Bush reg, feds end Metro special service to games
Absolutely outrageous. Here’s the Times article.
So the Bush administration put in this amazingly horrible regulation that public transportation agencies can’t (can’t) operate a charter like Metro has if there are private operators who can. Can’t compete… can’t operate. And, as I pointed out last time we talked about this, the way they did it meant that any moron with a school bus could claim they could serve the games and Metro would be entirely barred from trying.
The Seahawks already got hosed over this.
This is a great thing the M’s have done for ten years, and I love them for it. And now it’s dead. The M’s got a waiver last year. But now you’re screwed, because they can’t, soooo… So let’s talk about how this regulation’s working out.
The Mariners say Starline’s costs would have been around $15-20 per passenger. Fares would have paid $5 and the team would have paid $300,000 or more to defray the rest, Hale said.
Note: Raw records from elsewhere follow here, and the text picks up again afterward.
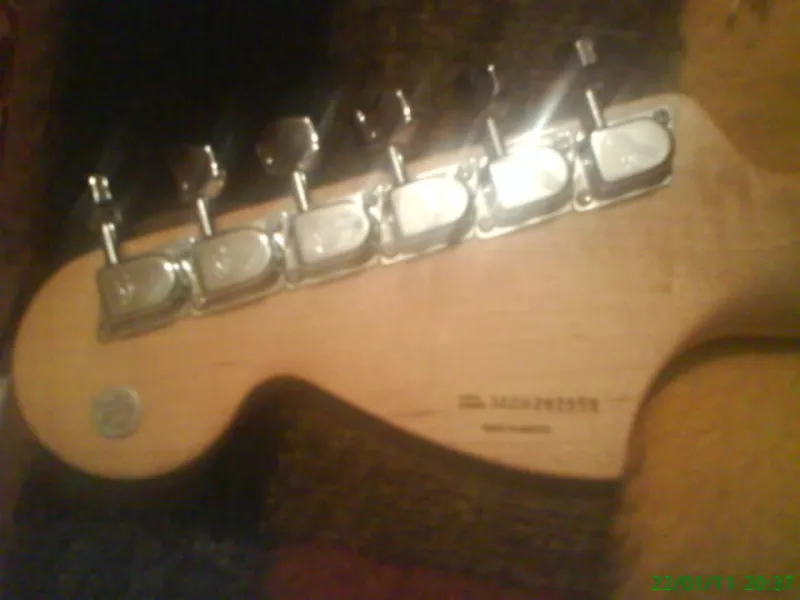 FENDER Classic 70’s Stratocaster '2006 5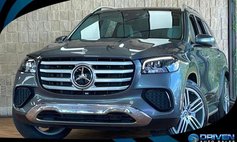 2024 Mercedes-Benz GLS GLS 450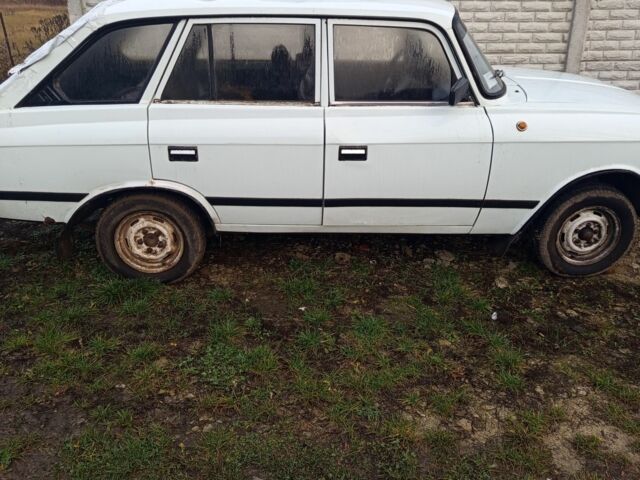 Білий ІЖ 21251 Комби, об'ємом двигуна 1.5 л та пробігом 111 тис. км за 350 $, фото 1 на Automoto.ua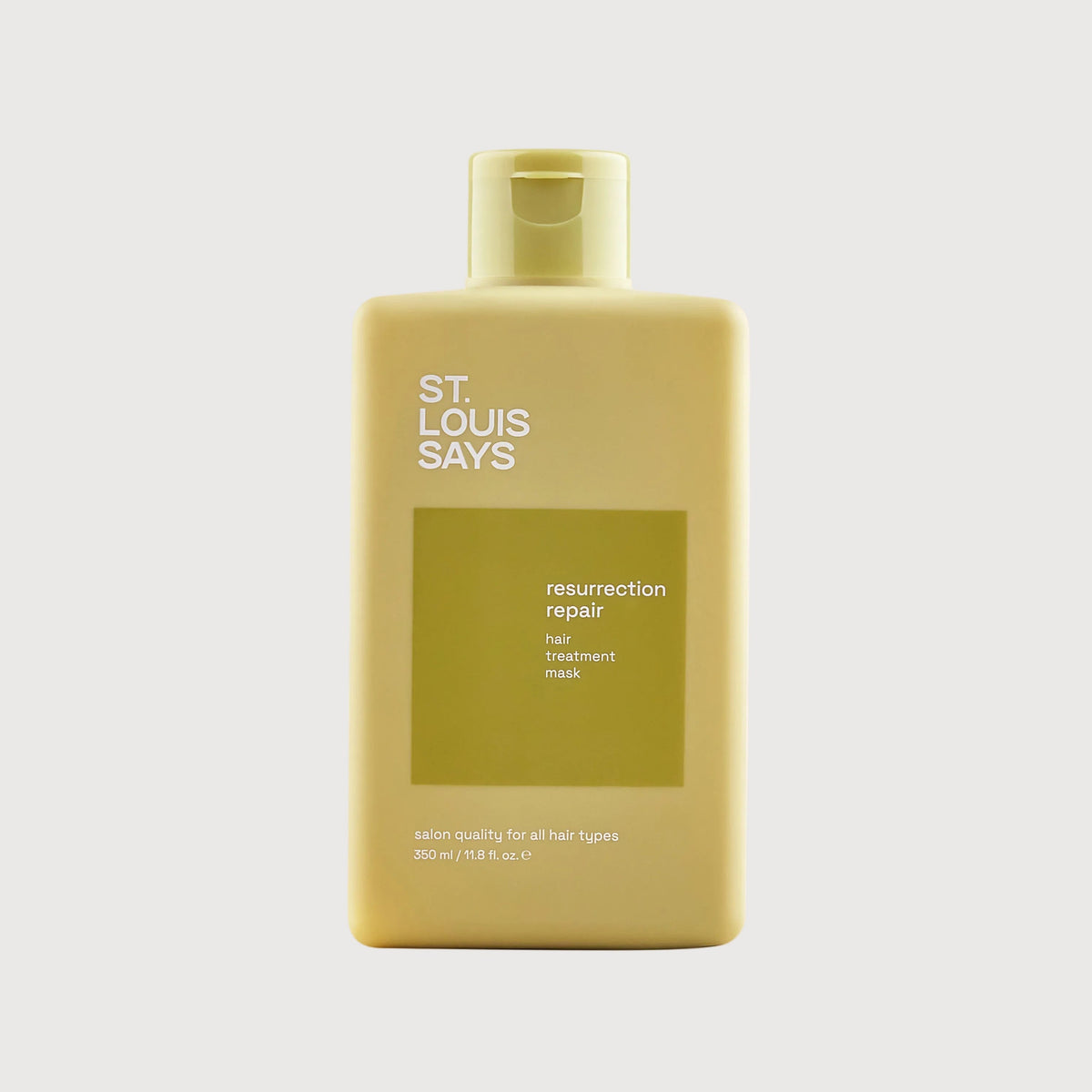 Resurrection Repair Hair Treatment Mask by St. Louis Says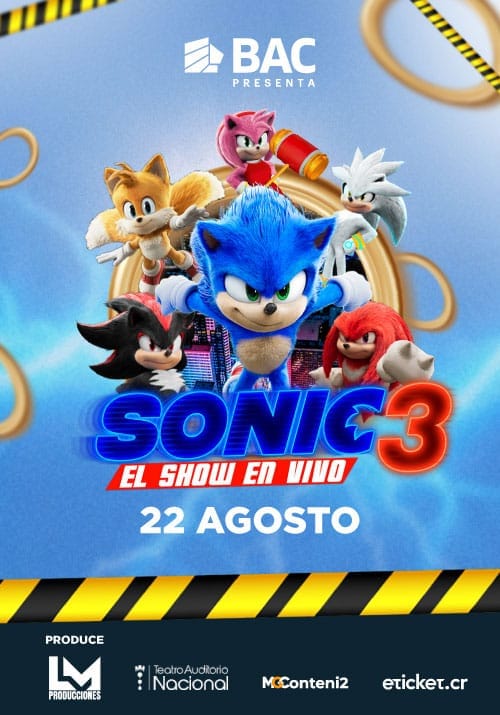 Post 7 by Conciertos en Costa Rica CR on TikTok (video)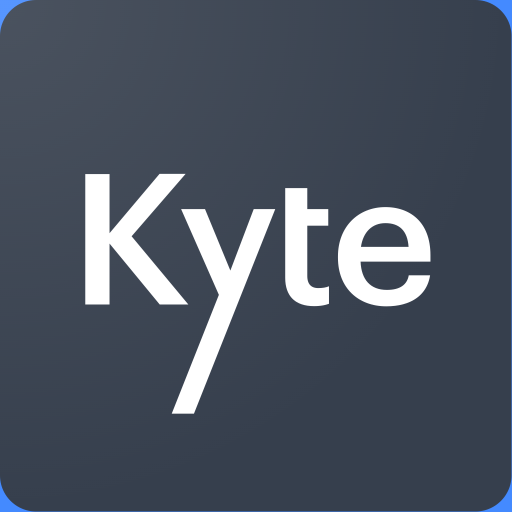 Kyte: Cash Flow For Business Logo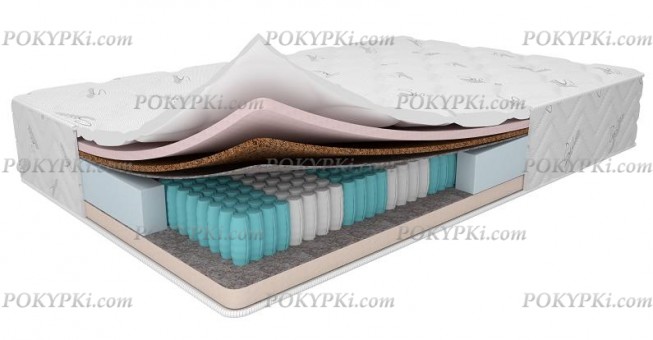 Матрас Multipocket new Day Матрас Multipocket new Day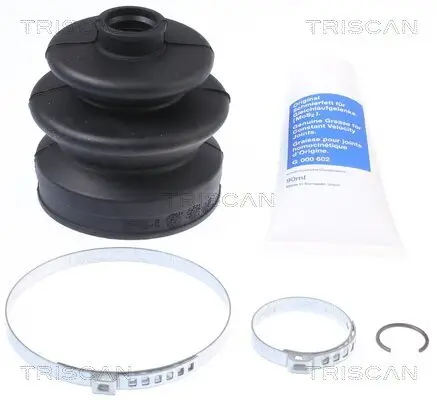 Faltenbalgsatz, Antriebswelle TRISCAN 8540 40702 Bild Faltenbalgsatz, Antriebswelle TRISCAN 8540 40702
Last season, the team got a temporary waiver from the Federal Transit Administration (FTA) to hire Metro, which charged $3 a ride, while the Mariners paid a $159,000 subsidy, said Hale.
That’s great! So Metro can provide cheaper service to fans and to the M’s, but they can’t. Because they’re barred from doing so. Oh, but here’s the money quote.
Starline argues that if Metro were to charge for its full costs, including the buses themselves, the bill would be much higher than what Starline seeks.
“The Mariners want the taxpayer to pay for it,” said Gillis.
This is the whole point of public transportation. The system’s in place. The incremental cost for Metro, which has buses, drivers, maintenance, and all that infrastructure in place is low. For Starline, which has to pay people like Chief Executive Gladys Gillis to make objectivist arguments about the societal cost of bus systems, it’s higher.
Unless the choice is “abolish Metro and have the smoking remains bid against charter providers” the clear and obvious winner of that competition is Metro. And because of this ridiculous reg, and the Obama administration’s baffling decision here, now everyone loses.
And it just got a lot harder to go to games — Hale said that shuttles served 300-500 last year, but here’s the thing: the shuttles provide greater value the higher attendance becomes. If there’s four people going to the game, it doesn’t hurt congestion downtown if they drive or not. But the more people and cars we try and stuff in, it doesn’t get +1 annoying for +1 driver, it quickly becomes +2 annoying, +3, and on and on. The shuttles are a huge, huge help there. I’d love to see numbers on how many people were taking them every day in 2001, for instance.